Two men on what’s supposed to be an innocent fishing trip lie to their wives and change course to check out girly shows across the Mexican border. On their new route, they’re overtaken at gunpoint by a crazed hitchhiker who’s quickly revealed to be a notoriously violent escaped convict. What develops is a hostage crisis in motion (like an AIP precursor to Speed), as the three men perilously evade trigger-happy cops on the way back to California, two of them under constant threat of the hitch-hiker’s pistol. There’s a moderate amount of guilt laid on the wandering husbands for their duplicitous ways, but most of The Hitch-Hiker is instead focused on building tension in both the close quarters of the hostages’ car and the vast, isolating expanse of the desert terrain. It’s in the nighttime drives where the film most resembles a typical noir. The escaped convict is an absolute terror in the shadowy backseat, where he keeps a constant eye (and gun) on his two victims. We’re first introduced to him in a montage detailing his earlier crime spree, jumping from car to car, stolen wallet to stolen wallet, as cops discover his previous victims in flashlit crime scenes. These nighttime noir set pieces are in stark contrast with the harsh sunlit desert setting of the daytime, but Lupino finds plenty ways to terrorize her audience there as well, most spectacularly in a forced game of William Tell. The movie is light on plot & thematic soul-searching, choosing to instead strive for 70 straight minutes of pure, cruel, nightmarish tension.

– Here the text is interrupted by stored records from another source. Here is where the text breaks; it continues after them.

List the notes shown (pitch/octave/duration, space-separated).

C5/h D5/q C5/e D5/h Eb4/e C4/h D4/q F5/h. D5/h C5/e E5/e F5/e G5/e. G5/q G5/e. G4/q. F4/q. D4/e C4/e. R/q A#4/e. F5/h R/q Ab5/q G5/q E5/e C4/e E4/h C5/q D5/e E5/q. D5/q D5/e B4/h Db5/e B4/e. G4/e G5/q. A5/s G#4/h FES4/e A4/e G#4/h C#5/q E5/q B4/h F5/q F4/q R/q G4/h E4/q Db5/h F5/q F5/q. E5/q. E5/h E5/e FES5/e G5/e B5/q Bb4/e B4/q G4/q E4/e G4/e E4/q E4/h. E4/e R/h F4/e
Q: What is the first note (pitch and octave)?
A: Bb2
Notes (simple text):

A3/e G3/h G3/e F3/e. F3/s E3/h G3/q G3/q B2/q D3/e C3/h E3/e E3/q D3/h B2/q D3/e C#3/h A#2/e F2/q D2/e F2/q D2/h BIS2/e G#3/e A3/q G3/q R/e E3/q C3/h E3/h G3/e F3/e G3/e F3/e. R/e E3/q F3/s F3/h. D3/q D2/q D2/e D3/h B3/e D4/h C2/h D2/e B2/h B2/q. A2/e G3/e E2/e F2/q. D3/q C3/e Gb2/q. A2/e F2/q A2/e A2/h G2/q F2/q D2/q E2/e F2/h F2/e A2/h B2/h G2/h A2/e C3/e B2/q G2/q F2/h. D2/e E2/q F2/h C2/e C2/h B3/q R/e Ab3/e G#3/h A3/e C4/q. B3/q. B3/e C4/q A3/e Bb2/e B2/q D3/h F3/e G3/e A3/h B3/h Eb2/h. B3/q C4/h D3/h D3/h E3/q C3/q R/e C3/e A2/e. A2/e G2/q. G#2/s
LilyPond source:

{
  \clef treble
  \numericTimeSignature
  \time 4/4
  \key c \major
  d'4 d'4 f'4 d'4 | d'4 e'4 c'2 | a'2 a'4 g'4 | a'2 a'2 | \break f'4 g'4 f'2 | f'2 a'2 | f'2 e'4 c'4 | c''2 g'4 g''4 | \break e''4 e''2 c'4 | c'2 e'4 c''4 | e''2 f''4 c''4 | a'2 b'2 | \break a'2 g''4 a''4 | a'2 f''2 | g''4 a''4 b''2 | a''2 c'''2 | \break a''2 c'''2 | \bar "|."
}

The small cast and cheap locations of The Hitch-Hiker remind me a lot of Corman’s early work for AIP, even though this was a slightly more substantial RKO production. Its aptitude for Corman’s genre thrills is only part of the story, however, as the picture is much, much crueler & tenser than most of AIP’s more traditionally entertaining catalog. The audience hardly has space to breathe as Lupino maintains a stranglehold on our throats, walking us through each reluctant step toward impending freedom or death. I’m not well-versed enough to say for sure how many women-directed noirs are out there at all, only that this is reported to be the first. The film would remain significant even without that distinction, though, as its command of minute-to-minute tension and the terror of its randomly applied violence feels like a real-life threat more than most, slicker noirs could. The moral of The Hitch-Hiker seems to be less that you shouldn’t cheat on your wife by slinking off to the strip clubs than it is that this could happen to anyone at any time because life is chaotically cruel. Anyone with an affection for dark, tense genre cinema should find plenty of value in that conceit, especially anyone who wishes their noir was a little rougher around the edges or their Corman cheapies were a little more willing to go for the jugular.